Alessia Pifferi era pienamente capace di intendere e volere quando abbandonò la figlia Diana a morire di stenti.
La Corte d’Assise d’Appello di Milano ha disposto una nuova perizia psichiatrica su richiesta della difesa: l’esito, al momento, continua a confermare l’ergastolo già inflitto in primo grado per omicidio volontario aggravato. Diana, di un anno e mezzo, morì nel luglio 2022 dopo essere stata lasciata soli in casa per sei giorni.
La perizia, affidata ai professionisti nominati dalla Corte, ha analizzato se Pifferi fosse affetta da patologie psichiatriche o da alterazioni cognitive tali da compromettere la capacità di intendere e volere al tempo dei fatti. Il processo di secondo grado prevede che la valutazione sia aggiornata: le conclusioni, già presentate dai periti, indicano la piena capacità di intendere e volere della donna al momento della tragedia.
I giudici hanno inoltre esaminato un possibile disturbo infantile che non avrebbe inciso sulla capacità cognitiva quarantaquattro anni dopo. L’udienza dell’appello è prevista per il 24 settembre, con gli avvocati della difesa, della pubblica accusa e dei parenti della vittima presenti in aula.
L’esame psichiatrico, che ha richiesto mesi di lavoro e consiste in colloqui in cella e test vari, è stato riassunto in un ampio fascicolo che sostiene la tesi della piena capacità di intendere e volere di Pifferi al momento dei fatti.
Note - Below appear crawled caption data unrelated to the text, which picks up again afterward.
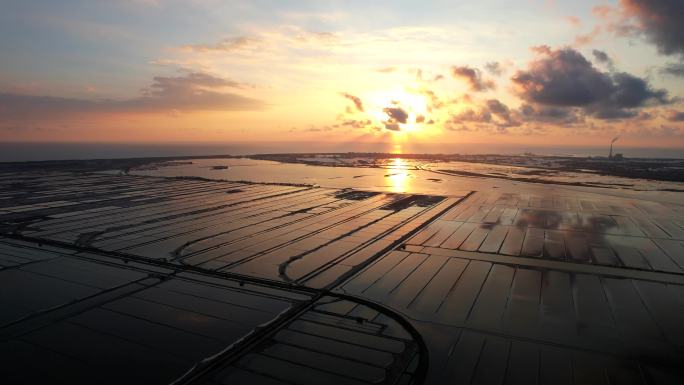 莺歌海盐场夕阳落日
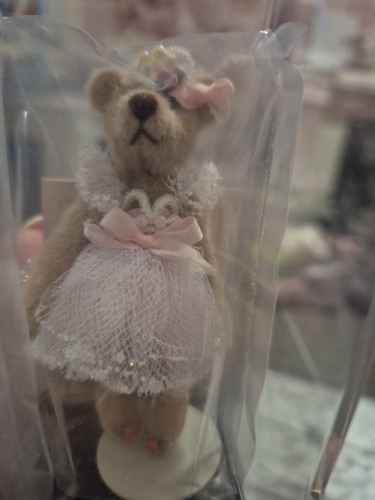 World miniature bears - of,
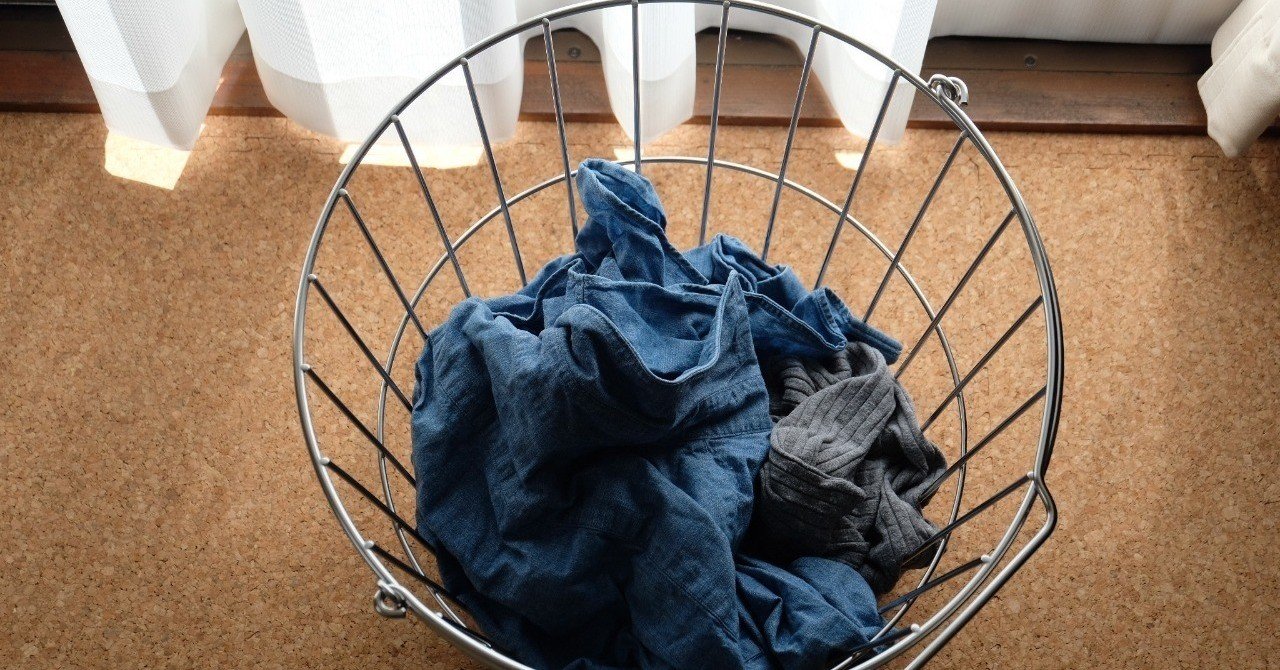 捨てる 捨てられない服 物 ばんび Note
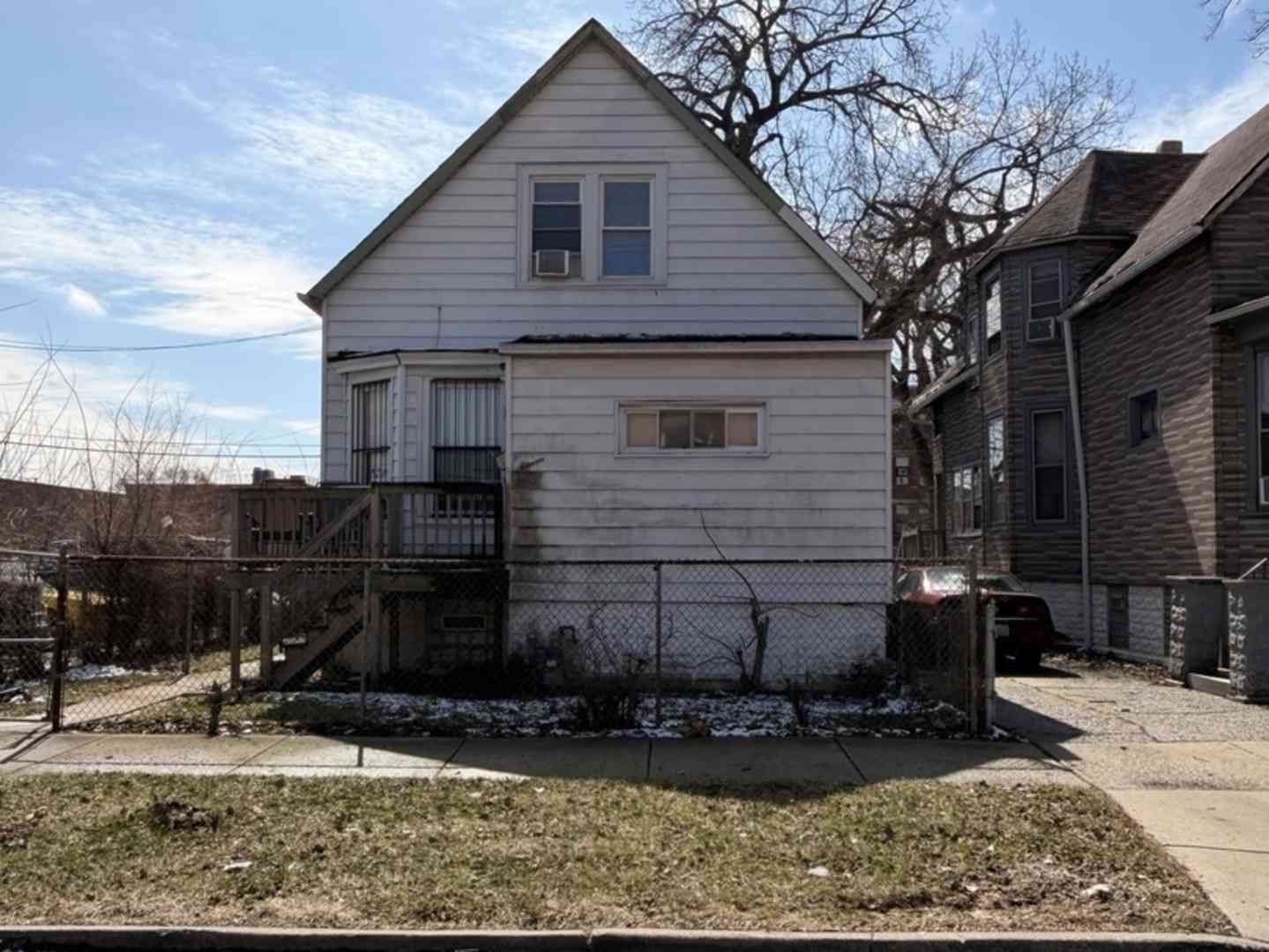 Homes For Sale - 11 E 114th Street<br/> Chicago, IL 60628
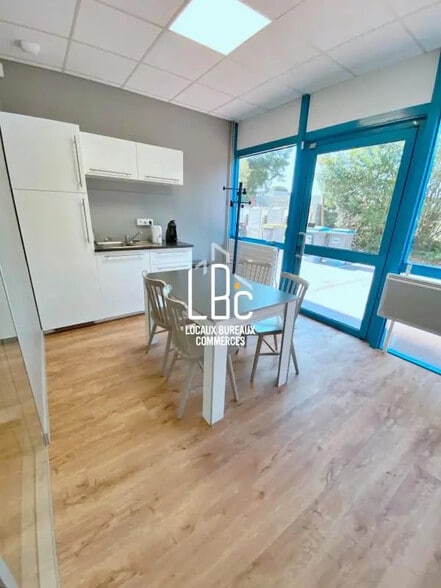 Rue De La Vrière, La Chapelle-sur-Erdre à vendre - Photo intérieure - Image 3 de 7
Possibili sviluppi: l’esito della perizia potrebbe influire sul “caso Pifferi bis”, relativo a presunte falsificazioni e manipolazioni di documenti nel processo originario, tra imputati tra cui la legale della donna, un suo consulente e alcune psicologhe di San Vittore. L’udienza per questo filone è prevista per l’11 settembre.